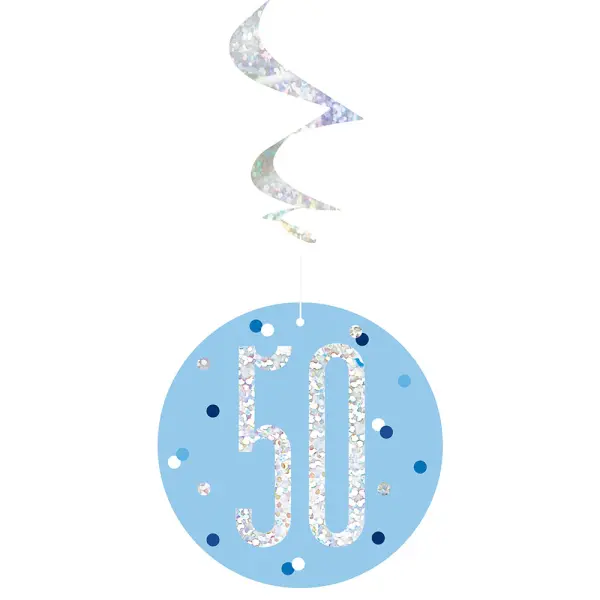 50 år Hengende Swirls Blå & Sølv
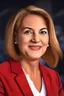 Placeholder: POwerful Female politician with a fiery background portrait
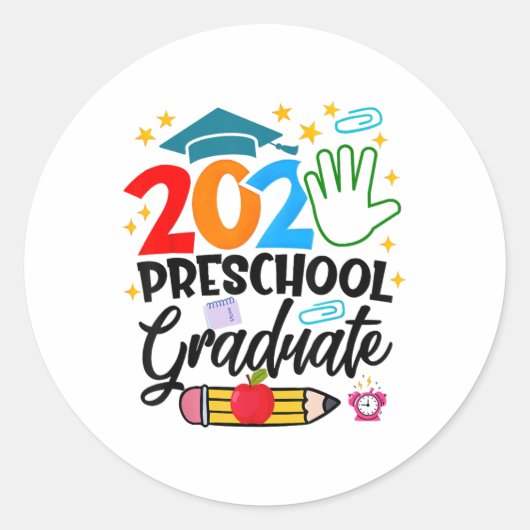 Sticker Rond Préscolaire Diplômé Pré-k Grad 2025 Préscolaire Gr (Devant)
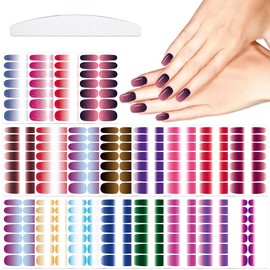YECIRALA 20 Sheets 280 Pcs Gradient Nail Polish Strips for Women Nails Stickers Full Nail Wraps Glitter Nail Polish Stickers Stick On Nails Decal Strips with Nail File DIY Nail Crafts Gel Nail Strips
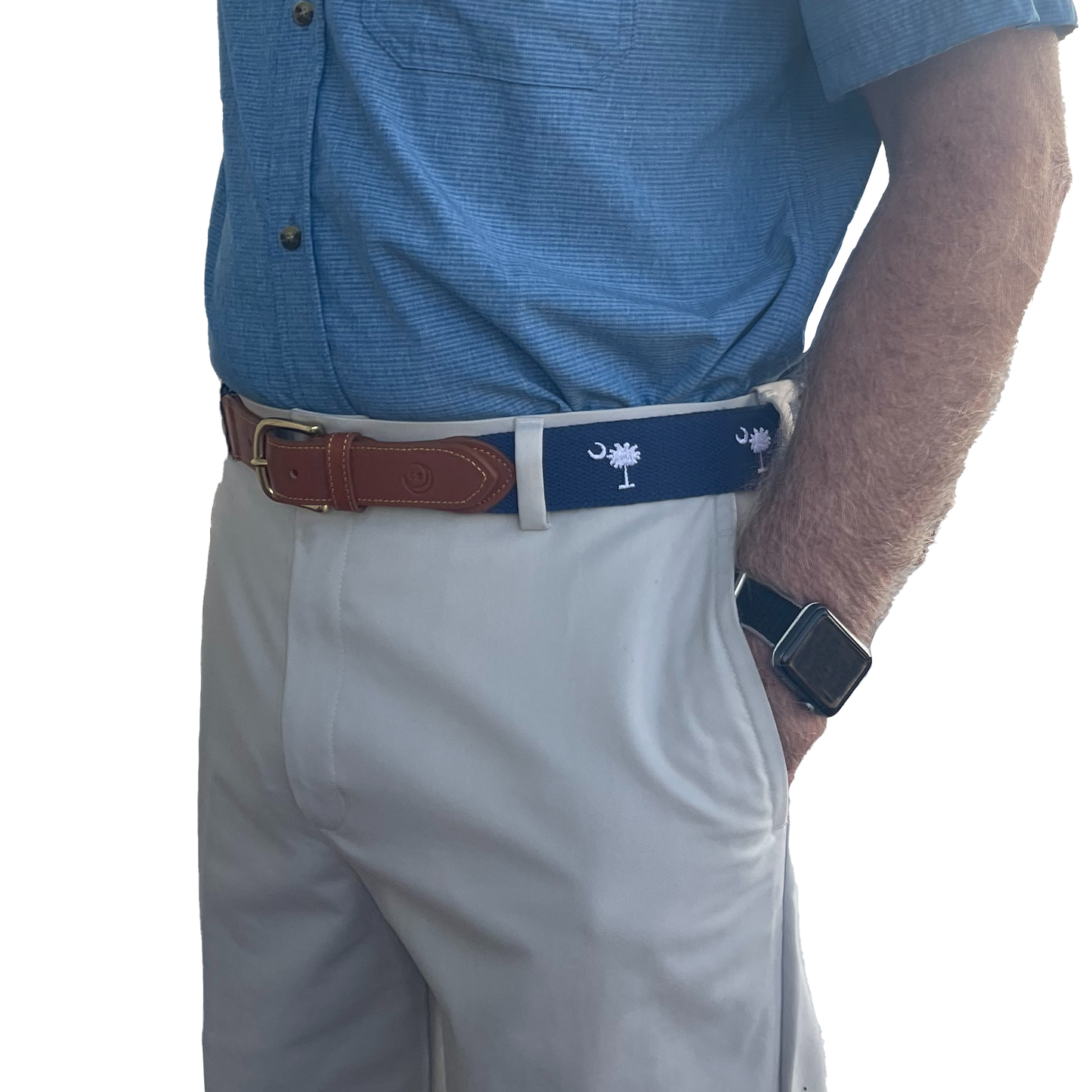 SC State Flag Belt Crescent Moon Palmetto Tree on Navy Blue Cotton Web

> [What the exercise asks]
Retype the entries above exactly. Stop after the line containing "Sticker Rond Préscolaire", and omit the pictures.

> [Solution for this task]
 50 år Hengende Swirls Blå & Sølv
 Placeholder: POwerful Female politician with a fiery background portrait
 Sticker Rond Préscolaire Diplômé Pré-k Grad 2025 Préscolaire Gr (Devant)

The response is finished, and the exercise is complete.